Thomas Jefferson won the election to become The President of the United States in 1801 and served to 1809.
Some of his major accomplishments: Elected to the Second Continental Congress, meeting in Philadelphia, Jefferson was appointed on June 11, 1776, to head a committee of five in preparing the Declaration of Independence. He was its primary author. Returning to Virginia late in 1776, Jefferson served until 1779 in the House of Delegates. In 1776 he succeeded in obtaining the abolition of entail; his proposal to abolish primogeniture became law in 1785. In June 1779, Jefferson was elected governor of Virginia. April 1784 he submitted Notes on the Establishment of a Money Unit and of a Coinage for the United States in which he advised the use of a decimal system. This report led to the adoption (1792) of the dollar, rather than the pound, as the basic monetary unit in the United States. He was sent to Paris initially as a commissioner to help negotiate commercial treaties; then in 1785 he succeeded Benjamin Franklin as minister to France. Congress confirmed his appointment as secretary of state in the first administration of George Washington. Jefferson accepted the position with some reluctance and largely because of Washington's insistence. He was also the President Featured on the two dollar bill.

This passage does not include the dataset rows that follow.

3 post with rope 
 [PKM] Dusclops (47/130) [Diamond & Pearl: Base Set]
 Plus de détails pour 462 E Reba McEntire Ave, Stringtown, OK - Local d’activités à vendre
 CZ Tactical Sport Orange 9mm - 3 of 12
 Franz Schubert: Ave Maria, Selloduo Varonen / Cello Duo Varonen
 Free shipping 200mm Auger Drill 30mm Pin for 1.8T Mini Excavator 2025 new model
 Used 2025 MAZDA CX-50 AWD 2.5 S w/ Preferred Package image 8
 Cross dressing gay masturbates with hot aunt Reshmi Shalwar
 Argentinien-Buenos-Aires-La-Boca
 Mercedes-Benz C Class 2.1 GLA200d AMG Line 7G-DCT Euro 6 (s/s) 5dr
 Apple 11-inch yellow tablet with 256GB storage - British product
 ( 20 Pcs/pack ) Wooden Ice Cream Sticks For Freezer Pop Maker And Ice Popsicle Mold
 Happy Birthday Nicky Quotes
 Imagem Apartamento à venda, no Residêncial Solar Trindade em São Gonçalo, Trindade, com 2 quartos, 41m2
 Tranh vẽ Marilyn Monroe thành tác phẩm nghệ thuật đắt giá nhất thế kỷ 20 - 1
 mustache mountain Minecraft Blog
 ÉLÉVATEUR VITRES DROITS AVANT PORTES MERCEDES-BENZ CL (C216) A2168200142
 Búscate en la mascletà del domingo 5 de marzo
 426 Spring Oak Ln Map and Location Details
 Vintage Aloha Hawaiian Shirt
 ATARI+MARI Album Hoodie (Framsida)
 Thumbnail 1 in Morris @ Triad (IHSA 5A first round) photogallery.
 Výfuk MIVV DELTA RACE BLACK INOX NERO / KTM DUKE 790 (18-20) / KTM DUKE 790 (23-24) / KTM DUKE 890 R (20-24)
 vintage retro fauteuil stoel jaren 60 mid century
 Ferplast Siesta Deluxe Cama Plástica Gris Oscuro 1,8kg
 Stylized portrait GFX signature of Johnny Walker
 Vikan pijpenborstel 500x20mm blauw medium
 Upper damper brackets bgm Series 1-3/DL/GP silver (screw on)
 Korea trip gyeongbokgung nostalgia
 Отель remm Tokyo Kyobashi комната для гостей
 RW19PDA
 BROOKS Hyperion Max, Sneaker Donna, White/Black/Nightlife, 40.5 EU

In the final 17 years of his life, Jefferson's major accomplishment was the founding (1819) of the University of Virginia at Charlottesville. He conceived it, planned it, designed it, and supervised both its construction and the hiring of faculty. The university was the last of three contributions by which Jefferson wished to be remembered; they constituted a trilogy of interrelated causes: freedom from Britain, freedom of conscience, and freedom maintained through education. On July 4, 1826, the 50th anniversary of the Declaration of Independence, Jefferson died at Monticello.